English (United Kingdom)

”New shives” and new calculation procedure at measurement of shives

Freeness, shives, fibre length distribution and brightness are well established parameters for quality control at production of mechanical pulp. They are all measured on-line with L&W Pulp Tester. The fibre morphology analysis available in the laboratory analyzer L&W Fiber Tester is also used in L&W Pulp Tester.

In L&W Fiber Tester different fibre properties are measured in a detailed way. Apart from fibres the pulp consists of ray cells, fibre debris, fibrils, vessel cells and shives etc. In L&W Fiber Tester a dedicated software module analyses vessel cells. Measurement and classification of vessel cells are relatively straight forward in virgin hardwood pulps. Most wide objects are vessel cells. The degree of difficulty increases considerably at measurements on mixed pulps, especially on recycled pulp. Because of that, the tools in L&W Fiber Tester, to measure vessel cells have been refined during recent years, in order to separate vessel cells from other objects. The same technique is applied to measure also these other objects in the pulp. Measuring shives was of special interest.

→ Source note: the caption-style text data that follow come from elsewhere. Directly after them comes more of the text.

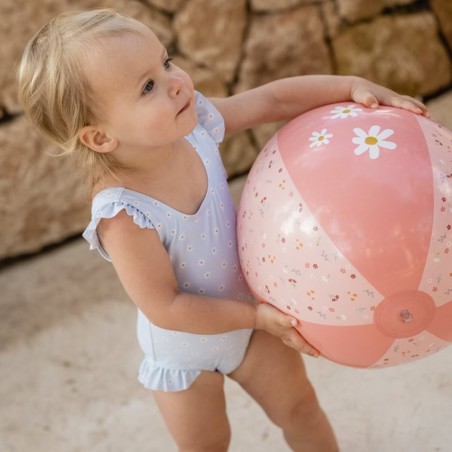 Ballon gonflable Flowers & Butterflies - Little Dutch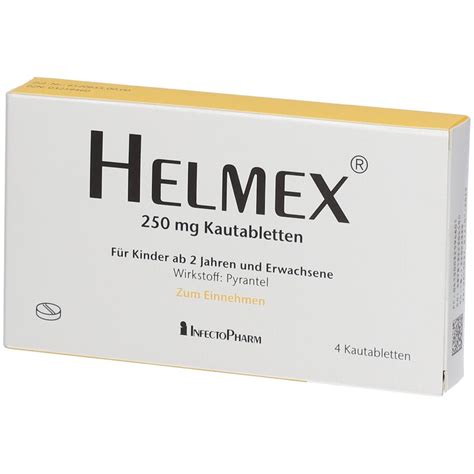 HELMEX - Apotheke, N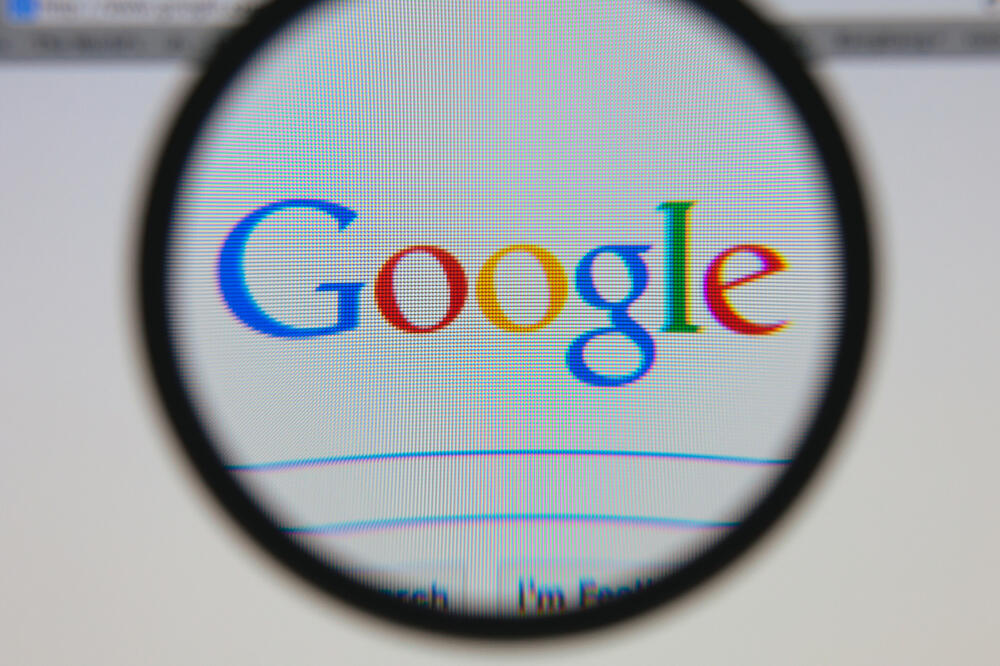 Google, Foto: Shutterstock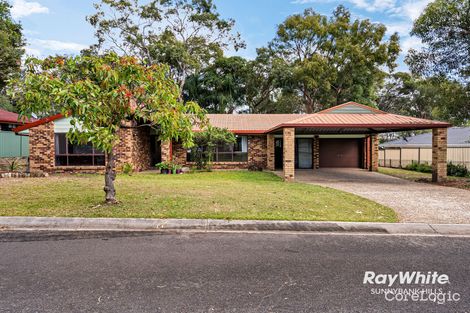 Property photo of 25 Statesman Crescent Sunnybank Hills QLD 4109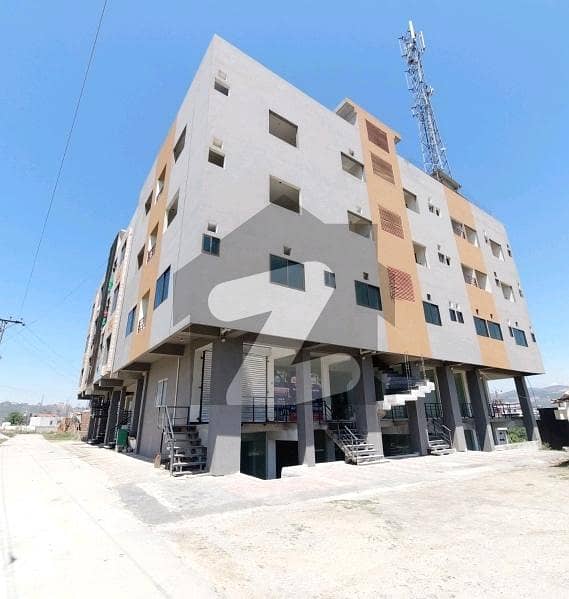 Rawalpindi Housing Society Flat For sale Sized 203 Square Feet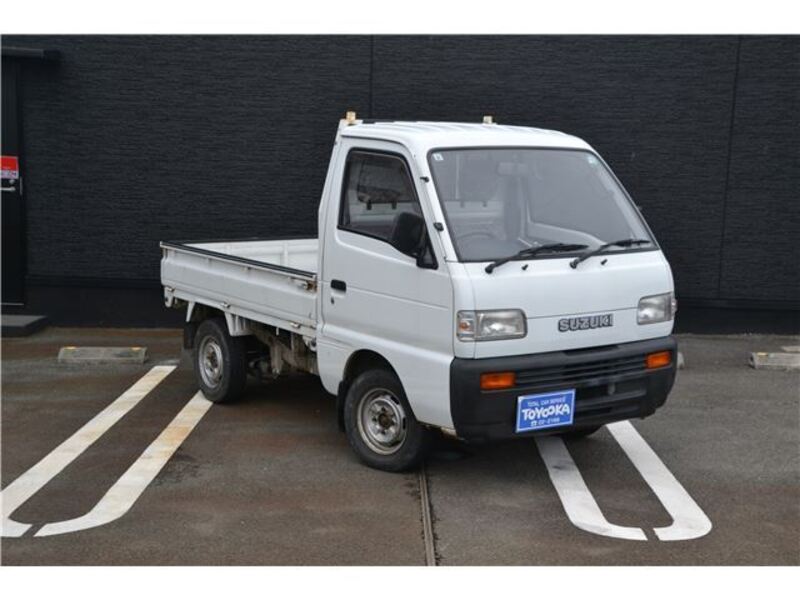 SUZUKI CARRY TRUCK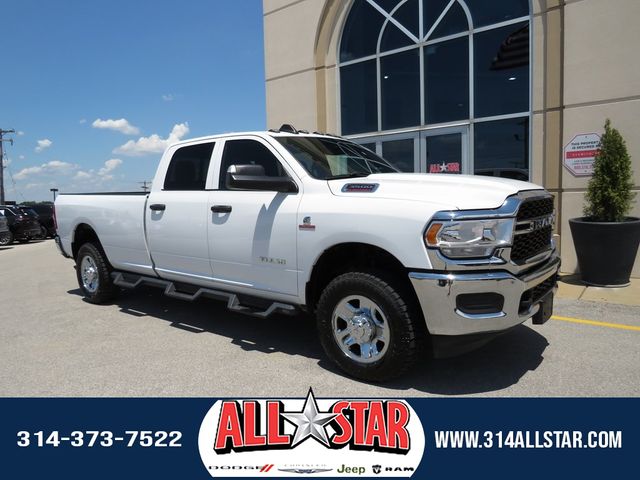 2022 Ram 3500 Tradesman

The limitation of measuring shives, with L&W Fiber Tester, lies with the limitation of the statistics. The amount of shives in the measurement is limited by the total sample amount, even though L&W Fiber Tester handles bigger amounts of samples compared to many other laboratory fibre analysers. Interesting however is the detailed analysis at low consistency in L&W Fiber Tester that finds considerable more narrow shives than what is measured in other commercial optical based fibre and shive analysers.

Detailed analysis or good statistics
You probably want both best possible statistics and highest accuracy in your measurements. But in practice all measurements are compromises between different demands. In L&W Fiber Tester the statistic is somewhat limited with respect to measurement of shives. But the degree of details and the ability to measure narrow shives are unique. The recently released on-line pulp analyzer, L&W Pulp Tester, includes a new developed more conventional shive analyzer. This shive analyzer measures on a bigger amount of pulp than other systems, with unique statistics and repeatability as a result. L&W Pulp Tester includes both the new shive module as well as a fibre morphology module, which is the same module used in L&W Fiber Tester. Good statistic for both “traditional” shives and a detailed analysis of small but more frequent shives is therefore possible.

Calibration of shive measurements in L&W Fiber Tester
One question when vessel cells are measured with camera technology and fibre analysis is how you calibrate the instrument. Against which instrument do you calibrate? Are there model particles that can be used? When camera technology and image analysis are used there is a unique possibility to actually see what is measured and registered and this can be used as a calibration method.

A well developed technique in L&W Fiber Tester selects and saves images of all objects wider than the fibres and classifies them as vessel cells or not. Images of all wide objects, both classified as vessel cells and not vessel cells, are saved. The images can then be monitored together with the measured classification parameters. The calibration is done by modifying the selection criteria relative to the included and excluded object data respectively, until you are satisfied with the classification. It is an iterative process with visual estimation of the actual images.

New procedure calculates length and width for objects with complicated structures
In the fibre analysers from Lorentzen & Wettre the fibre length and width are calculated from the fibre perimeter and fibre surface. This technique was developed, already at an early stage, by STFI for L&W STFI Fibermaster. The method requires a good image processing that creates an ideal image of the fibres before the calculations. An equation system with two equations and two unknown variables is solved and the result is calculated length and width. The advantage with this method is that all pixels in the image are used in the calculations. The resolution in the calculated fibre width is much higher with this method compared to what you expect from the pixel size itself. If the pixel size is 10 µm the resolution can be around 0.2 µm. The method works fine on long and slender objects like fibres.

A = b × L
P = 2 × b + 2 × L

Formula: The length L and width b of a rectangle formed model fibre are calculated from this equation system. A=fibre surface, P=fibre perimeter.

For short and wide objects like vessel cells or more complicated structures like many shives another method for calculation of length and width is to prefer. Different alternatives have been tested at Lorentzen & Wettre. Recently it was decided to use a rectangle as a model also for these objects, but the calculation procedure has to be completely different. Following calculation procedure will be applied for the future:

1. Mass centre of the object is calculated
2. The direction through the centre of mass for the main surface angular moment is calculated
3. The object is approximated with a rectangle with the same centre of mass, direction of main axis and main surface angular moment as the object.
4. The length of the rectangle is used

The width of the object is calculated as the surface of the object divided with the calculated length of the rectangle. 

This principle for calculation has shown to be perfect for vessel cells from southern hardwoods and is a good approximation also for other vessel cells and for shives. Classification of shives was the main reason for development of a new calculation procedure.